# Ranking of articles using open-access citation-metadata

Scholarly publications have seen exponential growth in past decades, however, linear growth is estimated for the research topics. It suggests that numerous articles appear every day within a research field. Researchers invest their time and energy in keeping up-to-date with the current state-of-the-art. Research is a continuous process and it builds on the past work that has been done attributed through citations. Although, there are numerous reasons why a research article gets cited, as well as, its critics as to why citations should not be used to assess the value of current work. However, with the current information overload, it is not easy to keep abreast of all the published work. Researchers in 20th century would dig through all the available literature to find out the latest trends but the researcher of today has more stuff to read on a topic than their lifetime. They need access to current research as soon as it happens but the citation-count metrics, currently in practice, limit this approach. To use citation-based metrics, the articles must acquire a reasonable number of citations which can vary from field to field. Our main contribution is to use a heterogeneous network that includes the article, author and journal to recommend articles in a research field.

# Import

In [1]:
import Ranking # from https://github.com/bilal-dsu/Ranking/

from matplotlib import pyplot
from scipy.stats import spearmanr
import json, os,sys,snap
import csv
import pandas as pd
import snap
import numpy as np
import re
from itertools import combinations
from os import path
import seaborn as sns
import matplotlib.pyplot as plt

import measures # from https://github.com/dkaterenchuk/ranking_measures


# Initializations Total Citations

The original graph is filtered to work with nodes between the year 2000 till 2018, termed Total Citations (TC). Further, we remove any journals with zero out-degree since they do not participate in the ranking method.

In [2]:
# following files must be present in the CWD
metaDataCSV = "MetaData 2000-2018.csv" 
ArticleGraph = "ArticleGraph.graph"
ArticleHash = "ArticleHash.hash"

# following files will be created in the CWD
JournalCitationTXT = "JournalCitation.txt"
JournalGraph = "JournalGraph.graph"
JournalHash = "JournalHash.hash"
JournalSubGraph = "JournalSubGraph.graph"
SubMetaDataCSV = "SubMetaData.csv"
AuthorCitationTXT = "AuthorCitation.txt"
ArticleCitationTXT = "ArticleCitation.txt"
AuthorGraph = "AuthorGraph.graph"
AuthorHash = "AuthorHash.hash"

AuthorInfoCSV = "AuthorInfo.csv"
JournalInfoCSV = "JournalInfo.csv"
ArticleInfoCSV = "ArticleInfo.csv"

AuthorRankCSV = "AuthorRank.csv"
JournalRankCSV = "JournalRank.csv"
ArticleRankCSV = "ArticleRank.csv"

ArticlesGraphStats="ArticleGraphStats.csv"
JournalGraphStats="JournalGraphStats.csv"
AuthorGraphStats="AuthorGraphStats.csv"
GraphStatsOverall="GraphStatsOverall.csv"

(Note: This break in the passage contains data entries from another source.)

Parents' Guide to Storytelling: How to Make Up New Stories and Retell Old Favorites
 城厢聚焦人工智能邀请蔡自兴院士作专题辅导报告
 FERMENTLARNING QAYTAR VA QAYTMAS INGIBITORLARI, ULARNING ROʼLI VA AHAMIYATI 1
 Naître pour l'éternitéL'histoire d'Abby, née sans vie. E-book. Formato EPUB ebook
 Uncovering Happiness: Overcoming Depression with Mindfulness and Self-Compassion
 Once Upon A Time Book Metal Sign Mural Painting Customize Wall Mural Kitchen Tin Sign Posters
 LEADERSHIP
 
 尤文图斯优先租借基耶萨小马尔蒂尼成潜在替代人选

# Generate Total Citations

In [None]:
Ranking.generateJournanalCitationNetworkText(metaDataCSV, JournalCitationTXT)

In [None]:
Ranking.generateJournalCitationGraph(JournalCitationTXT, JournalGraph, JournalHash)

In [None]:
Ranking.generateSubGraph(JournalHash, JournalGraph, JournalSubGraph, metaDataCSV, SubMetaDataCSV) 

In [None]:
Ranking.generateAuthorArticleCitationNetworkText(SubMetaDataCSV, AuthorCitationTXT, ArticleCitationTXT)

In [None]:
Ranking.generateAuthorArticleGraph(AuthorCitationTXT, AuthorGraph, AuthorHash, ArticleCitationTXT, 
                           ArticleGraph, ArticleHash)

# Initializations Early Citations

To evaluate the ranking technique, we take nodes of the year 2005 and apply a cut-off on citations till 2010, termed Early Citations (EC).  The cutoff window is configurable. Only a few past years are considered to give equal chance to early career researchers.

In [None]:
# Provide values for Early Citations cutoff

RankYearStart = 2005
RankYearEnd = 2005
CutOffStart = 2000
CutOffEnd = 2010

# following files will be created in the CWD

metaDataRankYearCSV = "metaData" + str(RankYearStart)  + "-" + str(RankYearEnd) + ".csv"
metaDataCutOffYearCSV = "metaData" + str(CutOffStart)  + "-" + str(CutOffEnd) + ".csv"

JournalCutOffYearTXT = "Journal" + str(CutOffStart)  + "-" + str(CutOffEnd) + ".txt"
JournalCutOffYearGraph = "Journal" + str(CutOffStart)  + "-" + str(CutOffEnd) + ".graph"
JournalCutOffYearHash = "Journal" + str(CutOffStart)  + "-" + str(CutOffEnd) + ".hash"
JournalCutOffYearInfoCSV = "Journal" + str(CutOffStart)  + "-" + str(CutOffEnd) + "Info.csv"
JournalCutOffYearRankCSV = "Journal" + str(CutOffStart)  + "-" + str(CutOffEnd) + "Rank.csv"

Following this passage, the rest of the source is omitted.